It *is* a noble meat.

 ML> enough (like
 ML> chicharrones, sirloin, chicken thighs, duck, and various other
 ML> things) not to require the aid of external agents, whether they
 ML> be spinach, mustard, or sauerkraut.

But a modest amount of hot mustard does enhance it.

 JW> Title: Bob Engel's Korean Chap Jae

 ML> Why do the recipes for chap chae that I've seen use twice as
 ML> much sugar as it ought to have?

Check with Bob. A sugarless version follows. But it uses sweet noodles.

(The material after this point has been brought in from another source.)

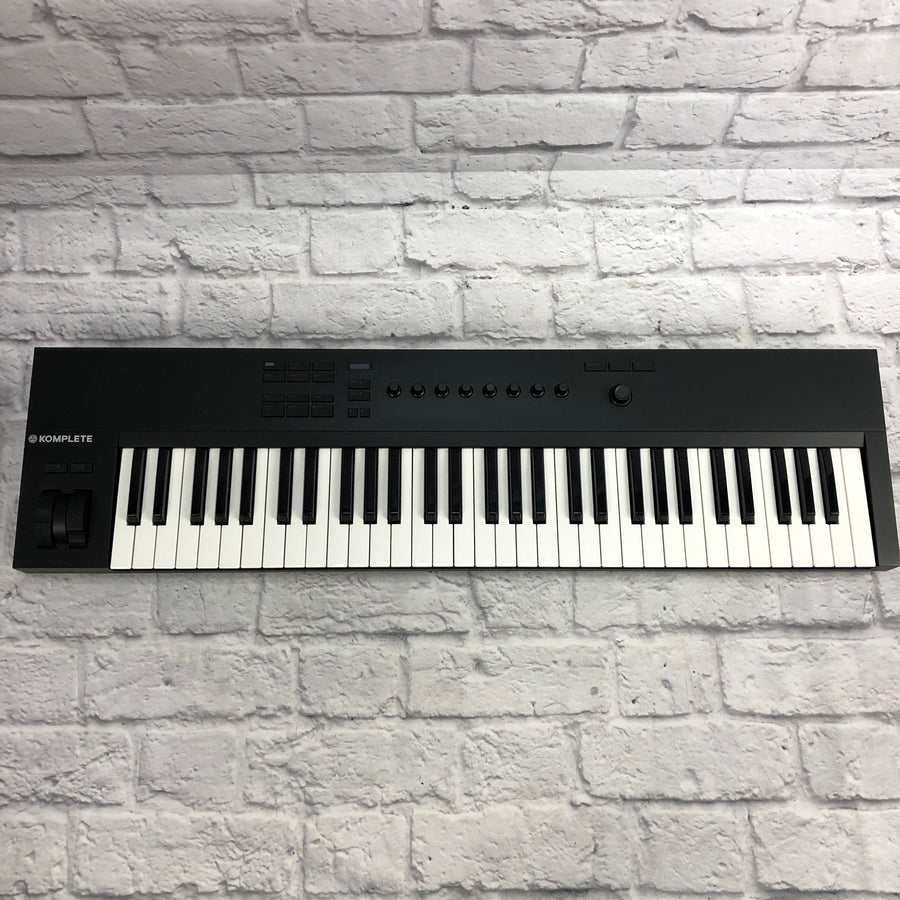 Native Instruments A61 61 Key Controller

MMMMM----- Recipe via Meal-Master (tm) v8.06
 
      Title: (Cs) Korean Sweet Potato Noodles [Chap Chae]
 Categories: Beef, Korean, Noodles
      Yield: 6 Servings
 
    250 g  Sweet potato starch noodles
           -(dang myun)
      2 md Carrots
      1    Red capsicum; sl finely
      1    Leeks; or
      6    spring onions, sl fine
      3 tb Peanut oil
      3 ts Finely chopped garlic
    250 g  Lean rump; or
    250 g  beef fillet, sliced
           -paper-thin
      2 tb Korean chilli bean paste
      3 tb Korean soy sauce or Shoyu
      2 ts Sesame oil
 
  These noodles are sold in quite large packets, each packet holding 3
  hanks of noodles, each one held by a paper band. This makes it
  convenient to cook sufficient noodles for 6 people by using one of the
  hanks. This is a simple version of chap chae devised on the lines of
  the version served at a favourite Korean restaurant.
  
  In a large pot of lightly salted, fast boiling water, cook the noodles
  allowing 7 or 8 minutes rather than the 5 or 6 recommend d on the
  packet instructions. Drain in a colander, run cold water through and
  leave to drain again.
  
  Shred the carrots very finely. Japanese graters do this without much
  effort. Have all the vegetables ready before starting to cook. Heat
  oil and on low heat fry the garlic until soft. Add beef and stir-fr
  until colour changes. Add vegetables and stir-fry until half tender,
  then stir in the chilli bean paste, soy sauce and sesame oil and add
  the noodles tossing until they are well combined with the rest. Taste
  and add more soy sauce if necessary. Serve hot.
  
  From: CHARMAINE SOLOMON'S ENCYCLOPEDIA OF ASIAN FOOD
  Scanned/Edited by: KEVIN JCJD SYMONS, MARCH 2005
 
MMMMM


Cheers

Jim, in Yellowknife




... Nobody's interested in sweetness and light.